# Problem
Print exactly those lines that run from the beginning of the data to the line bearing "Колье-чокер Лика с", inclusive.

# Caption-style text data
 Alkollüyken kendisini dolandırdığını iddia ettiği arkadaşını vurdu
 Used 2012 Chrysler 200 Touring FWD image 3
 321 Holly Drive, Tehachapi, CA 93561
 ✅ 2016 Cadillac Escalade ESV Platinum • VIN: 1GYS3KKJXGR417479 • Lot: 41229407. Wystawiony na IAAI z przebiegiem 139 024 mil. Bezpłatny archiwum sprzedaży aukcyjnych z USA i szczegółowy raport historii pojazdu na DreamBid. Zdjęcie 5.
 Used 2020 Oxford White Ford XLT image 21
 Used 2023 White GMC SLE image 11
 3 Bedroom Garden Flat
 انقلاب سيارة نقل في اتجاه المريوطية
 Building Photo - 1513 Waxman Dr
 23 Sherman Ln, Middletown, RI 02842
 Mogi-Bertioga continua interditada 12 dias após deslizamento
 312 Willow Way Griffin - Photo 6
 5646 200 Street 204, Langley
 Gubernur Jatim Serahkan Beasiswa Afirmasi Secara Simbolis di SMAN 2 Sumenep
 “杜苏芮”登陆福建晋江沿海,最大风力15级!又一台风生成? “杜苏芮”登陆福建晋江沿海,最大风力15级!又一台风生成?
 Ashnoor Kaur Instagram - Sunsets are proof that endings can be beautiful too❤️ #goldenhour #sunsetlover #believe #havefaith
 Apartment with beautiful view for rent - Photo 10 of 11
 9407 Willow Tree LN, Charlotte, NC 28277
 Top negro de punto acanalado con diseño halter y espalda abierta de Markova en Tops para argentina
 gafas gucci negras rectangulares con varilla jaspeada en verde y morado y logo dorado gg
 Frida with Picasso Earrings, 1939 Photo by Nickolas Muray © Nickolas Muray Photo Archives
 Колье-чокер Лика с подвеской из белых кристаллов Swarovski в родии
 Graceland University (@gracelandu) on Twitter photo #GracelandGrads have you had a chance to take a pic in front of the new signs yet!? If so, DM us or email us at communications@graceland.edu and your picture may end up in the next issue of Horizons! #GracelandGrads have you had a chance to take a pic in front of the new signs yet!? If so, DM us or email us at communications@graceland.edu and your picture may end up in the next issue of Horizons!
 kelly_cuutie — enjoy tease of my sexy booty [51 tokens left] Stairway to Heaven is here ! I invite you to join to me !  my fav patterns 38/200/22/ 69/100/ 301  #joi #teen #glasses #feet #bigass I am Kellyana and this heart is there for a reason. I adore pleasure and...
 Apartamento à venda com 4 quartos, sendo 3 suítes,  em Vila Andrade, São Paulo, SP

# Response to the task
 Alkollüyken kendisini dolandırdığını iddia ettiği arkadaşını vurdu
 Used 2012 Chrysler 200 Touring FWD image 3
 321 Holly Drive, Tehachapi, CA 93561
 ✅ 2016 Cadillac Escalade ESV Platinum • VIN: 1GYS3KKJXGR417479 • Lot: 41229407. Wystawiony na IAAI z przebiegiem 139 024 mil. Bezpłatny archiwum sprzedaży aukcyjnych z USA i szczegółowy raport historii pojazdu na DreamBid. Zdjęcie 5.
 Used 2020 Oxford White Ford XLT image 21
 Used 2023 White GMC SLE image 11
 3 Bedroom Garden Flat
 انقلاب سيارة نقل في اتجاه المريوطية
 Building Photo - 1513 Waxman Dr
 23 Sherman Ln, Middletown, RI 02842
 Mogi-Bertioga continua interditada 12 dias após deslizamento
 312 Willow Way Griffin - Photo 6
 5646 200 Street 204, Langley
 Gubernur Jatim Serahkan Beasiswa Afirmasi Secara Simbolis di SMAN 2 Sumenep
 “杜苏芮”登陆福建晋江沿海,最大风力15级!又一台风生成? “杜苏芮”登陆福建晋江沿海,最大风力15级!又一台风生成?
 Ashnoor Kaur Instagram - Sunsets are proof that endings can be beautiful too❤️ #goldenhour #sunsetlover #believe #havefaith
 Apartment with beautiful view for rent - Photo 10 of 11
 9407 Willow Tree LN, Charlotte, NC 28277
 Top negro de punto acanalado con diseño halter y espalda abierta de Markova en Tops para argentina
 gafas gucci negras rectangulares con varilla jaspeada en verde y morado y logo dorado gg
 Frida with Picasso Earrings, 1939 Photo by Nickolas Muray © Nickolas Muray Photo Archives
 Колье-чокер Лика с подвеской из белых кристаллов Swarovski в родии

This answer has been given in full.